Grit Daily: What should you look for when hiring a publicist?
Mark Macias: I’ve found the best publicists have a deeper understanding of how the media works from the inside. They have an intuition that spots trends and news stories before others.
A great publicist also understands the nuances of the media – because messaging is always a subtle sell around news. Experienced editors and journalists can spot an advertisement within seconds of hearing a pitch, and if it remotely sounds like a commercial, they won’t run it. The best publicity campaigns are able to weave themselves into the news fabric or pop culture.
Intuition is another overlooked factor. Journalism is usually centered around human behavior. It’s about connecting the invisible dots around people to form a story. And that’s not reading tea leaves. Intuition is a component of behavioral science.

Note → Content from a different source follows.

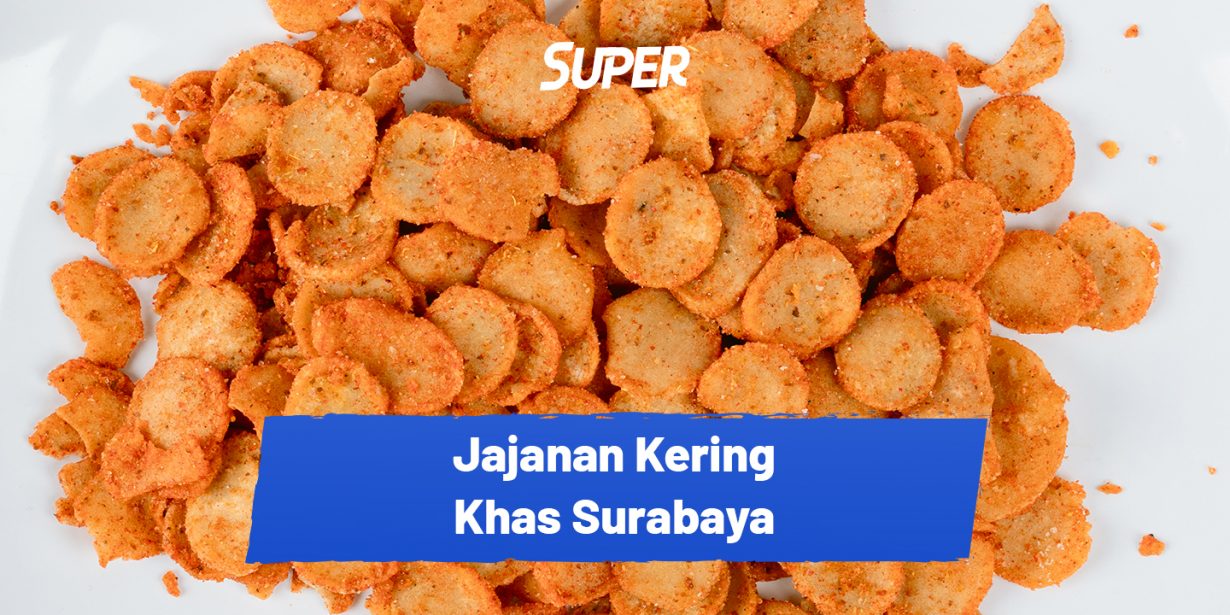 7 Jajanan Kering Khas Surabaya Cocok Jadi Oleh Oleh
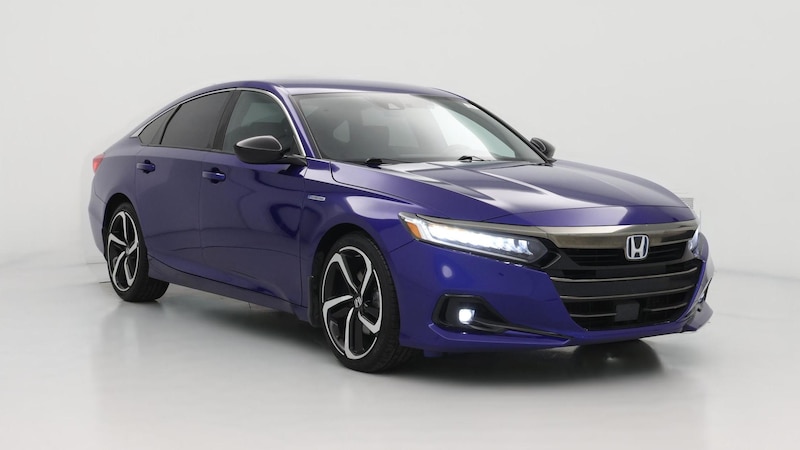 exterior of car initial view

Grit Daily: Is it better to hire a local, east coast or west coast agency?
Mark Macias: It is true you can lead a media campaign from anywhere, but publicists on East Coast time do have an advantage when it comes to the national news cycle.
Cable news, syndicated programs and the national news publications all work off of east coast time with the typical editorial meeting starting at 9am EST/6am PST. If you want to place a story with the national media, you likely need to go through this meeting.
With each passing hour, you lose momentum to position your brand into the news cycle.
By noon EST/9am PST, most journalists are well into their story. And by 5pm EST/2pm PST, many news stories are already written and filed. That 3-hour time change really makes the difference between getting overlooked and being in the game.
It’s different if you’re trying to get publicity for a product or service sold in a local market. If you want to get a story on a restaurant or small business on the local news, a PR firm that understands the local market will be better. They should have the contacts to assist with media outreach, and hopefully possess a better understanding of the local news landscape since coverage varies by region.
Grit Daily: How do you know when a PR campaign is successful?
Mark Macias: There are many ways to measure a successful PR campaign: media placements; news organization reach and influence; website analytics; search engine optimization; sales conversions; behavioral influence and social media exposure.
Millennials and Gen Z look to reviews before buying products – more so than older generations. If you get a positive profile story on your product that will help with sales.
A successful PR campaign will also reach your clients and customers on their terms. So if you’re an accounting firm trying to find business owners, your successful campaign will land in the business pages. Likewise, a digital health startup would get a story placed in a lifestyle publication. Any story that shares your value-add to your targeted audience is a successful campaign from my perspective.
Grit Daily: How much should a startup pay for PR?
Mark Macias: Prices and approaches vary by firm, but it helps to understand how the payment plan works. You can pay by the hour, by the media placement or under a retainer.
I’m a firm believer that nothing is free in life, so if a publicist claims you only pay if they make a placement, I’d ask a lot of questions. It costs time and money to generate organic (earned) media. And a press release does not fall under that definition. It takes time to write a successful pitch and find the right reporters, and resources to secure the story. If someone offers to do work for free, I would question their experience and PR understanding.
Paying a lawyer, consultant or publicist by the hour scares me. If a story isn’t catching on, it’s easy to add more time – and under this payment plan, hours add up quickly. Personally, I prefer retainers because the cost won’t fluctuate, even when unexpected issues arise. And if the firm or consultant is reputable or cares about your business, they will likely add extra hours to ensure they meet your expectations, regardless of what happens.